Work instructions: Search the records for the string "photos", then copy each line that has it.

Provided records:
►

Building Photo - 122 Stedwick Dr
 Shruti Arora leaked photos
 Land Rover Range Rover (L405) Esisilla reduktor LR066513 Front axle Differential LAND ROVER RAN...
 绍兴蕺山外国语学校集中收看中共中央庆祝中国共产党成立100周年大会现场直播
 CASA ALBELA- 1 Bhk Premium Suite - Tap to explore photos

◄

Output:
 Shruti Arora leaked photos
 CASA ALBELA- 1 Bhk Premium Suite - Tap to explore photos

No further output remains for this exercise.